[Records for the task]:
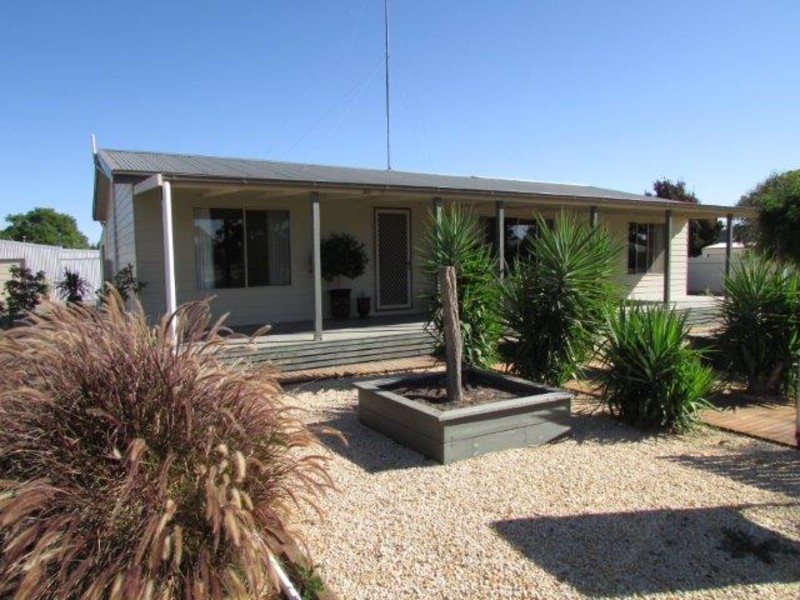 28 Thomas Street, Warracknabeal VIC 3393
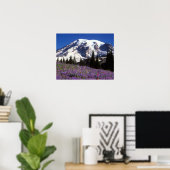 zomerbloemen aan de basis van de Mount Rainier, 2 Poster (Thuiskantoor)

* * *

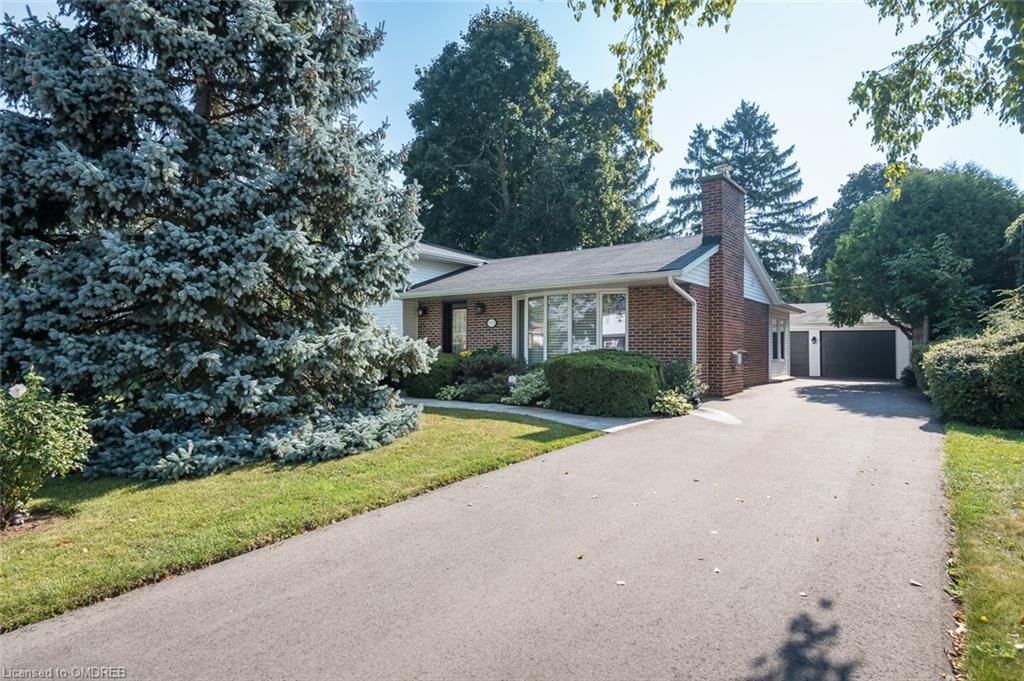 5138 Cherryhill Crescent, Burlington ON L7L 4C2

[Task prompt]: All that should be printed is the run of lines above from the one with "28 Thomas Street, Warracknabeal VIC 3393" through the one with "zomerbloemen aan de", both included, exactly as given, with pictures left out.

[Answer section]:
 28 Thomas Street, Warracknabeal VIC 3393
 zomerbloemen aan de basis van de Mount Rainier, 2 Poster (Thuiskantoor)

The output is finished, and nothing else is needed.